Traditional utility regulation favors supply-side resources over DR and EE resources. First, utilities earn a rate of return on investments in generation, transmission and distribution infrastructure. The absence of a parallel incentive for DR and EE investments creates a bias against demand-side resources. This has been described in the economic literature as the "Averch-Johnson Effect." That is, where a firm's profits are linked to its capital investment, as is the case with utilities under traditional regulatory structures, there is an embedded incentive for the firm to increase its capital outlay in a manner that does not necessarily maximize producer and consumer surplus. Stated another way, traditional regulatory frameworks create a disincentive for utilities to meet resource needs using approaches that are less capital intensive. Thus, faced with otherwise equivalent alternatives of building a power plant that contributes to profitability or making investments in DR and EE that allow for cost-recovery only, a utility would generally prefer to build a power plant.
Second, traditionally, a utility's revenue has been directly tied to kilowatt-hour sales of electricity. That is, the more electricity a utility's customers use, the more revenue that utility earns. Under this paradigm, since DR and EE reduce customer consumption, DR and EE can reduce a utility's revenues, even in cases where the direct costs of DR and EE investments are recoverable by the utility. While revenue loss due to DR and EE investments may be small in comparison to a utility's gross revenue, the impact on total profits can be substantial given the high fixed costs that utilities face. To illustrate this point, a 5 percent decline in revenue for the average investor-owned utility in 2007 would have meant a 17 percent decline in operating income.
Like any business, investor-owned utilities have a fiduciary obligation to maximize shareholder value. Thus, when faced with two investment decisions – such as the choice between building a power plant or investing in DR and EE – a rational utility will chose the one that is most profitable. Acting in any other way can negatively impact its ability to conduct business and attract investor capital. Thus, despite the fact that utilities are well-positioned to deploy cost-effective DR and EE programs, financial factors have prevented widespread adoption of DR and EE as a core component of the utility business model.

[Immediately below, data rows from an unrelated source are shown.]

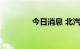 今日消息 北汽蓝谷涨超7%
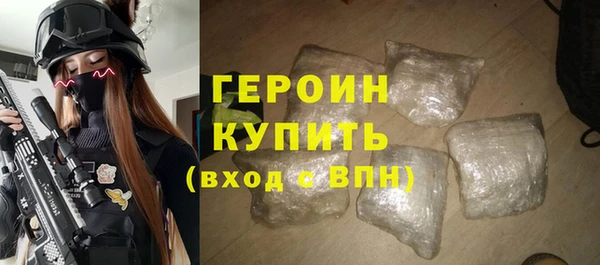 герыч Кодинск
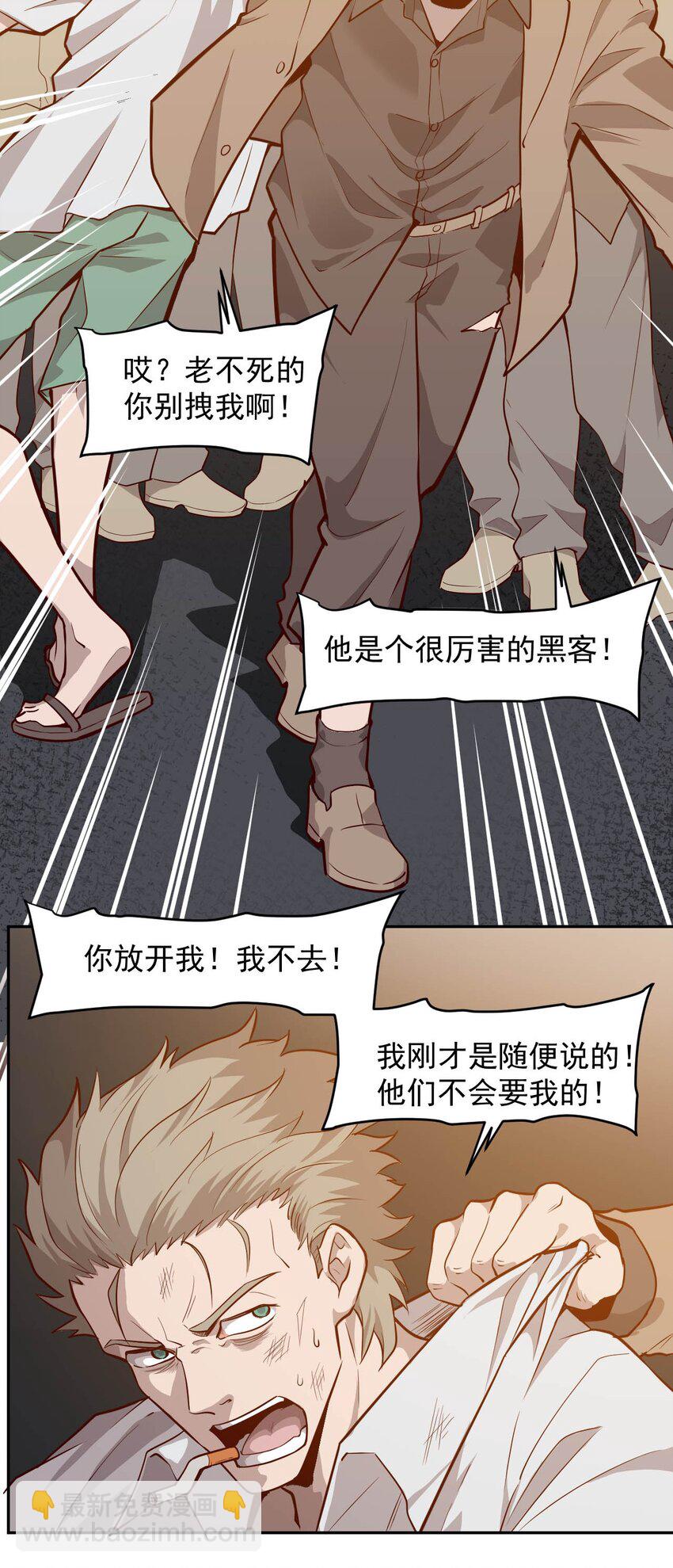 009.5 吸烟有害健康22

Regulatory models for the treatment of DR and EE vary greatly from state-to-state, and even utility-to-utility within a state. Even when categorizing different regulatory approaches, there is tremendous variety within each category. A recent paper published by the Environmental Protection Agency in connection with the National Action Plan for Energy Efficiency presents a framework that describes three major categories of regulatory approaches to DR and EE investments: program cost recovery, performance incentives, and lost margin recovery.
What follows is a discussion of different cost recovery and performance incentive approaches. This discussion does not seek to address lost margin recovery mechanisms such as decoupling. While decoupling can address lost utility margins, the decoupling concept implicates a number of other broad policy considerations. A properly-designed performance incentive mechanism can indirectly address recovery of lost margin revenue (eliminating a disincentive) as well as create a balanced regulatory platform that will properly incent utilities to evaluate DR and EE investments as part of an overall energy strategy to ensure reliable electric service at reasonable costs to customers.
As its name suggests, under a cost-recovery mechanism, a utility can recover prudently-incurred costs of DR and EE investments on a dollar-for-dollar basis, typically through a rider or customer surcharge. Cost recovery is designed to make a utility whole on its DR and EE investments. However, there are challenges with this approach. First, cost recovery alone will not address the lost margin revenue the utility will face due to reduced energy sales from DR and EE programs. Second, cost recovery does not factor in opportunity costs: DR and EE investments displace supply-side investments for which the utility can earn a profit. Absent a statutory or regulatory mandate, program cost recovery alone will generally not attract utility interest in DR and EE programs. Even with a mandate, the utility is generally not motivated to apply substantial resources to pursue robust programs or foster innovation.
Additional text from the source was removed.